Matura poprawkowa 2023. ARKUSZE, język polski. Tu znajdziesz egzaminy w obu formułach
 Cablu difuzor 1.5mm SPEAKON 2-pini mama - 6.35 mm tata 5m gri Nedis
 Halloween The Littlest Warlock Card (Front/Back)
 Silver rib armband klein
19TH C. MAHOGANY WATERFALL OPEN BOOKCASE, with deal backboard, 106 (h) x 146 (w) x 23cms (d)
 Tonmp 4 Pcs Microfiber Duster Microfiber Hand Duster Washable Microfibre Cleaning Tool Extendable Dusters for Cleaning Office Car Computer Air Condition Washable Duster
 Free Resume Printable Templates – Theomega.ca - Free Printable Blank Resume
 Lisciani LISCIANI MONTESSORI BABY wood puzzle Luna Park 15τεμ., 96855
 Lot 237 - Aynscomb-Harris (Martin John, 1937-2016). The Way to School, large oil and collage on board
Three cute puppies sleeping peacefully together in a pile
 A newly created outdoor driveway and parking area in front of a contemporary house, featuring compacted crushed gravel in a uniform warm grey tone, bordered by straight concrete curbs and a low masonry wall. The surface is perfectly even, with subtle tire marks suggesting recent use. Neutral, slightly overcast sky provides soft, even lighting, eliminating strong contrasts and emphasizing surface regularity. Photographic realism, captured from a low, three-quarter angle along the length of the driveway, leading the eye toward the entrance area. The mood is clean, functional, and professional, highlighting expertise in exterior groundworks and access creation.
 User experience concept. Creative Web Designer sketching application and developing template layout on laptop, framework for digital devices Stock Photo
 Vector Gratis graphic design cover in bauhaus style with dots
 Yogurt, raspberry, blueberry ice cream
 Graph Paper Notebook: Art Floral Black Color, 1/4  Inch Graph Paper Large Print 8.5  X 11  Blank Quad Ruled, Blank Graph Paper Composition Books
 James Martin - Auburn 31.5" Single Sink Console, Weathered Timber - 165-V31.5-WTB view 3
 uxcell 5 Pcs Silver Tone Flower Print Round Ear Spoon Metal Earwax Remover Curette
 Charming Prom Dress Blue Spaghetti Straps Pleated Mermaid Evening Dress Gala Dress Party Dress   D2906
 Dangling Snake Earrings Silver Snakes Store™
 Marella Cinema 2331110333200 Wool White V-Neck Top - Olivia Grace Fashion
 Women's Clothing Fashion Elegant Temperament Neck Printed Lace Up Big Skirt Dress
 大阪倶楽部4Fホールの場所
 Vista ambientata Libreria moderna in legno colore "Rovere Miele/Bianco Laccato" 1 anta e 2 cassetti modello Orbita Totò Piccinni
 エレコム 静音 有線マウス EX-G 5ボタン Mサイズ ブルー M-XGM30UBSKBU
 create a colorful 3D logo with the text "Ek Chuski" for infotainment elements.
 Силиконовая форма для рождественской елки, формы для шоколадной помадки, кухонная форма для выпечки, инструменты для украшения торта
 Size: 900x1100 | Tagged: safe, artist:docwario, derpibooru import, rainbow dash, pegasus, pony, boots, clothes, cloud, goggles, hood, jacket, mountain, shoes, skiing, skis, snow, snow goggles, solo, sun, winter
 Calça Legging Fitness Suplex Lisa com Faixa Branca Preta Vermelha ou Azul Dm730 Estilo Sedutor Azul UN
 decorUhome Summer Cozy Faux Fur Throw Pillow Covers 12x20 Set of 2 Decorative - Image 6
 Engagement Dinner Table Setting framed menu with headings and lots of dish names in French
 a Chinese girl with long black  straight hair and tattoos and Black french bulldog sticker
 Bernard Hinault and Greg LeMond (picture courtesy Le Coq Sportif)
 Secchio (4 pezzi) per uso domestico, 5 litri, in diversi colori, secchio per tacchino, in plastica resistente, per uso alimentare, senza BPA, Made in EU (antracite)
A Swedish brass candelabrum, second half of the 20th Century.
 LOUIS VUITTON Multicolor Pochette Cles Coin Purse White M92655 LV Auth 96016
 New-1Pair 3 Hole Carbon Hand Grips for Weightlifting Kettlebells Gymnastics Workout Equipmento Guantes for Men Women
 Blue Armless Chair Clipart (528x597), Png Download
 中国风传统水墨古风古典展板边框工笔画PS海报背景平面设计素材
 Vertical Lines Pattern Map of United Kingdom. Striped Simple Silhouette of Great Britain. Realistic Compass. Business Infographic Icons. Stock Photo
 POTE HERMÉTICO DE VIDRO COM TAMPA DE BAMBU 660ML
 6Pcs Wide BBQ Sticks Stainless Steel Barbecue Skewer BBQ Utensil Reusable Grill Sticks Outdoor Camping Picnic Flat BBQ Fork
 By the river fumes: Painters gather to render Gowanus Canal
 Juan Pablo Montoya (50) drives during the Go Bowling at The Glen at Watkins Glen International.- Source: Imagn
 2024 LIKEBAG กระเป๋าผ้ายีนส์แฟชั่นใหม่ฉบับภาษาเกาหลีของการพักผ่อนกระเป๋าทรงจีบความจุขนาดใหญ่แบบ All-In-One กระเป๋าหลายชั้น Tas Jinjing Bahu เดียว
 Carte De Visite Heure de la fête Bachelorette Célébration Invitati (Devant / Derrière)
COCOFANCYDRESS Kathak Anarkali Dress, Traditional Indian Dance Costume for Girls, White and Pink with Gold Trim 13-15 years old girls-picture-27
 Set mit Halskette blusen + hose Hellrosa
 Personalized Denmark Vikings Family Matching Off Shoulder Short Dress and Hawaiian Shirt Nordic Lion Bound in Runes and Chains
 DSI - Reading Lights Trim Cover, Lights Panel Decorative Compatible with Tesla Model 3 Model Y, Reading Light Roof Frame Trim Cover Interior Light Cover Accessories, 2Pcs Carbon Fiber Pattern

****************************************

* TASK ITEM
A verbatim transcription is required: the first line of the listing, the line containing "A newly created", and every line between them.

* REPLY TO THE TASK
Matura poprawkowa 2023. ARKUSZE, język polski. Tu znajdziesz egzaminy w obu formułach
 Cablu difuzor 1.5mm SPEAKON 2-pini mama - 6.35 mm tata 5m gri Nedis
 Halloween The Littlest Warlock Card (Front/Back)
 Silver rib armband klein
19TH C. MAHOGANY WATERFALL OPEN BOOKCASE, with deal backboard, 106 (h) x 146 (w) x 23cms (d)
 Tonmp 4 Pcs Microfiber Duster Microfiber Hand Duster Washable Microfibre Cleaning Tool Extendable Dusters for Cleaning Office Car Computer Air Condition Washable Duster
 Free Resume Printable Templates – Theomega.ca - Free Printable Blank Resume
 Lisciani LISCIANI MONTESSORI BABY wood puzzle Luna Park 15τεμ., 96855
 Lot 237 - Aynscomb-Harris (Martin John, 1937-2016). The Way to School, large oil and collage on board
Three cute puppies sleeping peacefully together in a pile
 A newly created outdoor driveway and parking area in front of a contemporary house, featuring compacted crushed gravel in a uniform warm grey tone, bordered by straight concrete curbs and a low masonry wall. The surface is perfectly even, with subtle tire marks suggesting recent use. Neutral, slightly overcast sky provides soft, even lighting, eliminating strong contrasts and emphasizing surface regularity. Photographic realism, captured from a low, three-quarter angle along the length of the driveway, leading the eye toward the entrance area. The mood is clean, functional, and professional, highlighting expertise in exterior groundworks and access creation.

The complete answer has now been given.